Mediatani – Hasil produksi pertanian di Indonesia dinilai cukup baik dan juga mampu memenuhi kebutuhan masyarakat Indonesia. Sehingga kegiatan impor bahan pangan dianggap tak perlu dilakukan.
Merespon hal tersebut, Sahabuddin Letsoin selaku Kepala Bidang Kajian Strategis dan Advokasi Perhimpunan Organisasi Mahasiswa Sosial Ekonomi Pertanian Indonesia (DPP Popmasepi), menyampaikan bahwa sekarang ini sektor pertanian di Indonesia telah mengalami perkembangan yang cukup signifikan.
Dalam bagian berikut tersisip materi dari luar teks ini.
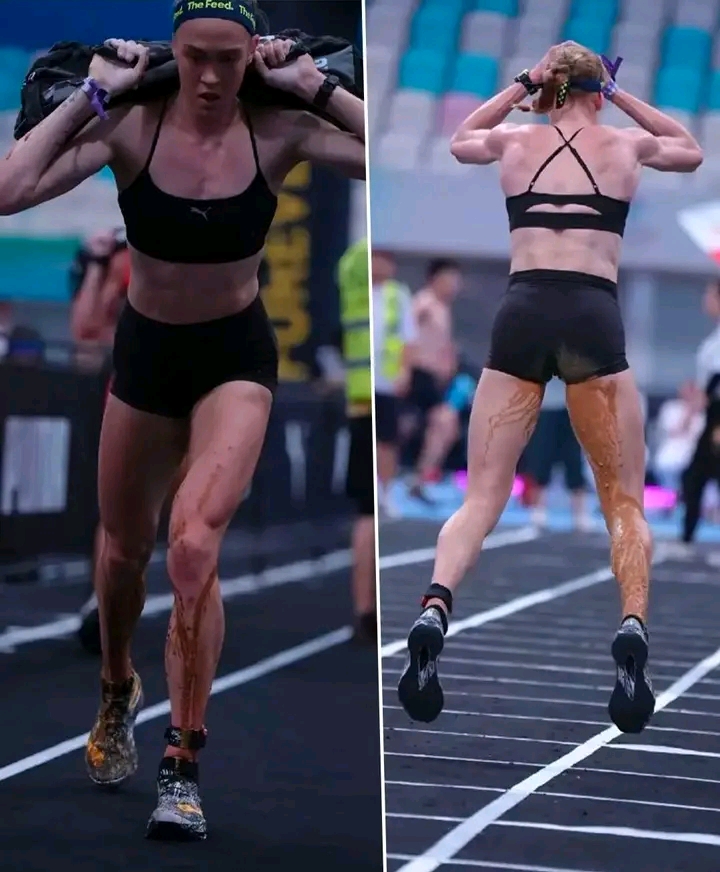 Australian Athlete Joanna Wietrzyk Pooed During HYROX Beijing Race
Dilansir dari Republika.co.id, Hal itu ditandai karena pertaniannya yang semakin maju, semakin mandiri dan semakin modern. Sehingga, bangsa Indonesia dinilai mampu secara mandiri untuk mewujudkan kedaulatan pangannya. Ke depannya, jika berbicara tentang pangan tidak perlu lagi melakukan impor.
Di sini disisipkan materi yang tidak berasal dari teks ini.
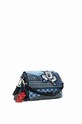 Τσάντα Desigual x Disney 23WAXD03 μπλε AW23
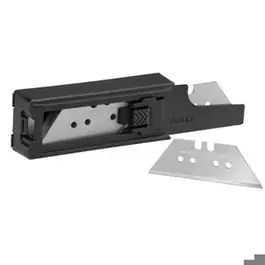 60mm Stanleymesjes box a 10 stuks 1992 art. 2-11-921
“Upaya pemerintah dalam rangka memenuhi kebutuhan pangan dalam negeri akan terus dilakukan, terkhusus pada komoditas beras yang merupakan pangan pokok masyarakat Indonesia. Oleh karena itu, pemerintah mempunyai data yang cukup meyakinkan tentang stok beras dalam negeri yang masih bisa tercukupi,” ungkap Sahabudin, pada Hari Selasa (16/3), melalui siaran pers.
Tidak hanya itu, lanjut Sahabudin, pemerintah juga akan terus berupaya untuk menciptakan konsep modern dan inovasi pada produksi pertanian seperti yang tertuang pada program Food Estate yang kini sudah memasuki masa panen raya di Provinsi Kalimantan Tengah. Seperti yang kita ketahui, bahwa Food Estate ini menjadi salah satu program andalan yang bertujuan untuk meningkatkan produksi beras di dalam negeri.
“Ini artinya bahwa tujuan dari pemerintah itu adalah untuk menjaga pasokan beras di masa krisis melalui program ini sudah mulai terlihat. Kita harus bersyukur terlebih lagi karena pemerintah juga telah membangun Food Estate di beberapa wilayah di Indonesia,” kata Sahabuddin.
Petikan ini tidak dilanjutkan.